This study is motivated by the observation that the National Centers for Environmental Prediction Global Forecast System (GFS) systematically loses 10–15% of the total column precipitable water (PW) over the tropical western North Pacific (defined as the region 0–20°N and 120–180°E) in its medium-range (defined here as days 4–7) forecasts compared to the verifying GFS analysis. The loss of PW in the GFS forecast occurs during quiet regimes when a tropical cyclone (TC) is not present at the initial time. When a TC is present, the loss of PW does not occur in the subsequent GFS forecast, indicating that the GFS performs better when an incipient rotational feature is initialized well. The loss of PW appears to occur as convection gradually decreases and subsidence becomes more prevalent. Additionally, surface winds that are too weak contribute to reduced surface latent heat fluxes, which makes it difficult to replenish water vapor in the lower troposphere. The loss of PW contributes to TC “misses” in medium-range GFS forecasts, cases in which the GFS fails to develop an incipient tropical disturbance into a TC. Given that the PW loss worsens with increasing forecast lead, we hypothesize that it is driven by the model physics.

In the present study, we aim to use a simplified idealized framework to test the behavior and evolution of convection and atmospheric water vapor during long model integrations that employ different cumulus parameterizations. Specifically, we will compare a “GFS-like” simulation that uses the Simplified Arakawa-Schubert (SAS) cumulus parameterization to simulations that use the Tiedtke, Kain-Fritsch, and Grell-Freitas cumulus schemes. We use version 3.6.1 of the Weather Research and Forecasting (WRF)–Advanced Research WRF model, where we modified the two-dimensional sea breeze case to run in three-dimensions. We also remove the island in the sea breeze case, leaving an underlying ocean with a fixed sea surface temperature of 30°C. The simulations are initialized with the Rotunno-Emanuel radiative-convective equilibrium sounding (with no wind), with ±0.5°C thermal perturbations in the lowest 10 model levels, and integrated for 90 days with no coriolis and with doubly periodic boundary conditions. A uniform horizontal grid spacing of 15 km (67×67 grid points) with 44 vertical levels is used. A companion simulation run at 3 km horizontal grid spacing (334×334 grid points) with no cumulus parameterization is used for comparison against the coarser resolution simulations. The other physics options used are the Morrison double-moment microphysics, YSU boundary layer, and RRTMG radiation.

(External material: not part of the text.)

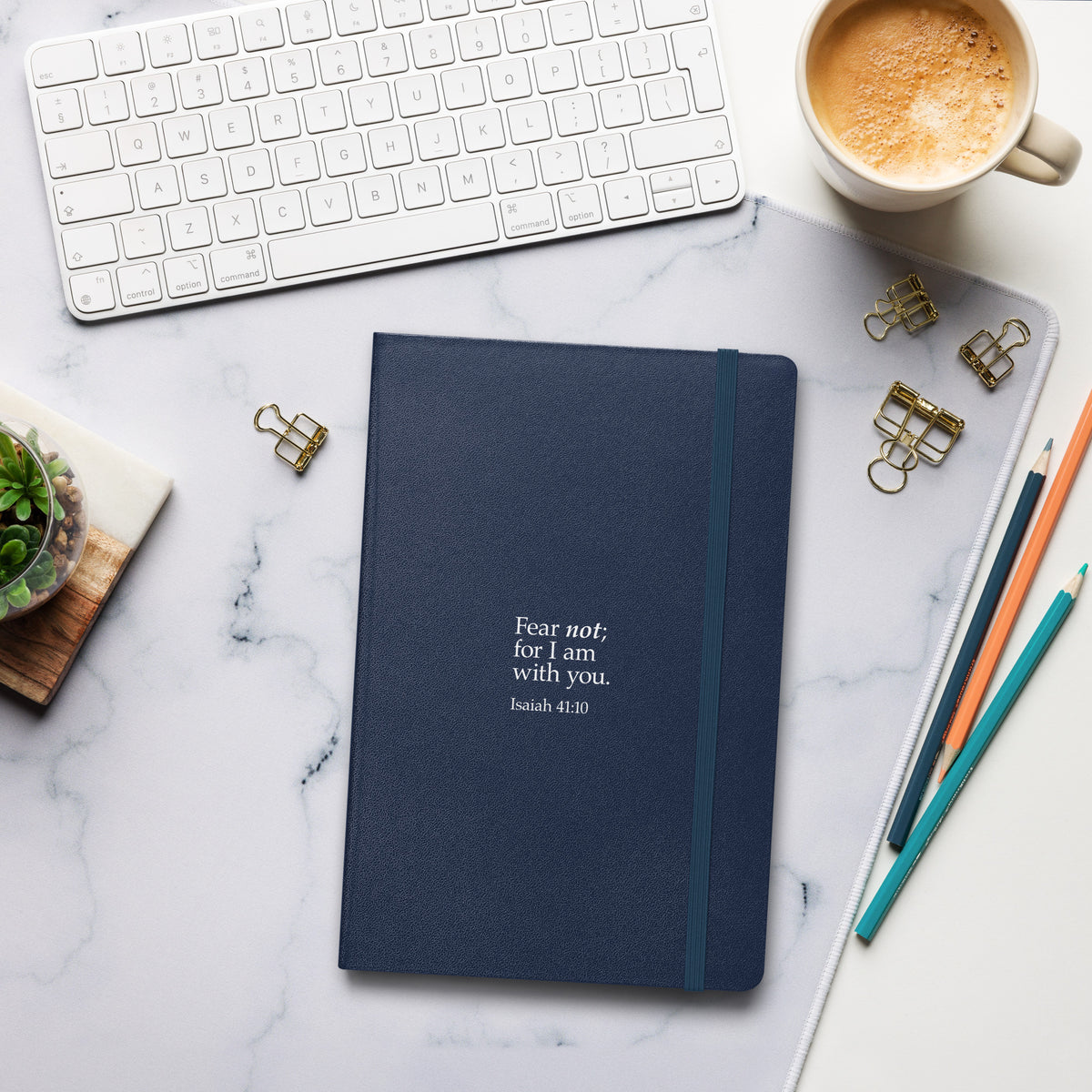Isaiah 41:10 Hardcover Bound Notebook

Preliminary results show that convection in the 3 km explicit simulation self-aggregates into a single mesoscale convective complex surrounded by extremely dry conditions (known as radiative-convective equilibrium; RCE) in about 40 days. The 15 km simulations that use the Kain-Fritsch and Grell-Freitas cumulus schemes behave similarly, while the simulation using the Tiedtke cumulus scheme reaches RCE in about 30 days. Unlike all other simulations, the “GFS-like” simulation that uses the SAS cumulus scheme reaches RCE in 10–15 days. As early as day 3, the SAS simulation has much lower domain-average PW compared to the other simulations. It appears that convective updrafts early in the model simulation are deeper and more intense in the SAS simulation. The compensating subsidence contributes to rapid drying throughout the rest of the domain, which enhances the rate of aggregation. The similar behavior of PW in the SAS simulation and the operational GFS over the tropical west Pacific during 2012–2014 suggests the possibility that modifying and testing the SAS scheme in the WRF framework may offer avenues to explore in modifying and improving the SAS scheme in the operational GFS.